FINRA’s predecessor NASD issued Interpretative Material 2110-7 NASD. which prohibited firms from interfering with the transfer of customer accounts in employment dispute situations.  The notice advised that, even where a registered representative may have an employment contract that restricts them from taking firm records with them when they resign or that restricts them from soliciting their firm’s customers for business, those clients are free to choose to decide to follow the representative and transfer their securities accounts to the rep’s new firm. 
 
Specifically, NASD determined that it is a violation of just and equitable principles of trade for member firms interfere with a customer's account transfer—including seeking a temporary restraining order from a court to prevent the customer from transferring the account. 
 
If you have a non-solicit in your employment (or independent contractor) agreement, NASD IM 2110-7 isn’t a “get out of jail free” card.
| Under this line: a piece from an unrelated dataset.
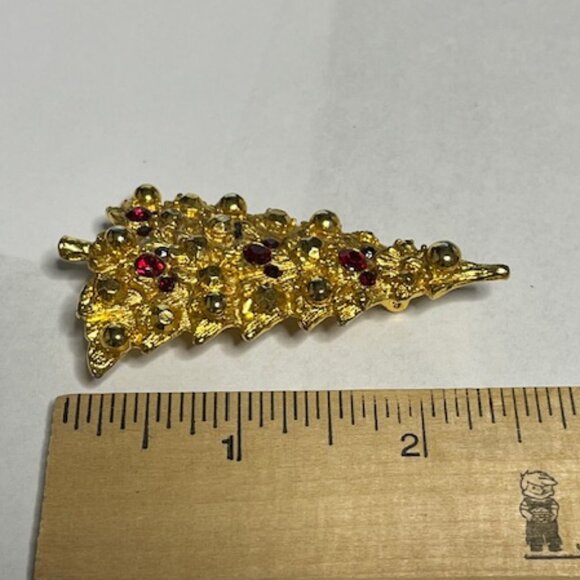VTG Walt Disney 3D Christmas Tree Gold Tone Mickey Mouse Pin Brooch 1.5"x2.5" - Picture 12 of 13
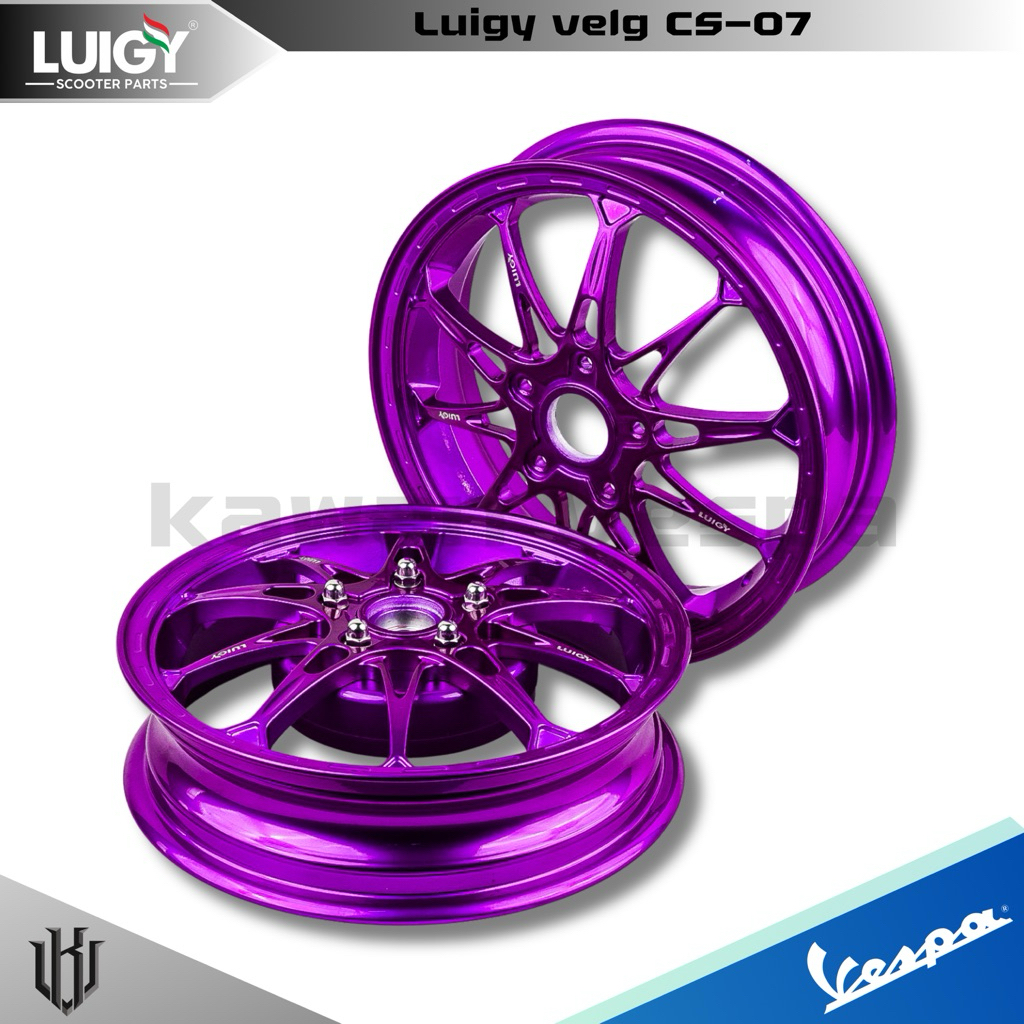 Luigy velg CS-07 Purple model Velg MK factory M10 untuk vespa Matic Sprint Primavera S125 LX GTS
Particularly if you are not leaving a Broker Protocol shop, your firm can still try to enforce restrictive covenants to prevent you from soliciting customers and bring legal action against you if you violate your contract. 
 
However, 2110-07 means that, once your client has advised your old firm that he or she wants to transfer their accounts to follow you, the firm cannot prevent the client from following you or try to interfere with that process once the client has given notice of intent to transfer their account. 
 
Of course, whether you and your new firm may have to negotiate a settlement with your former employer to avoid litigation is another matter.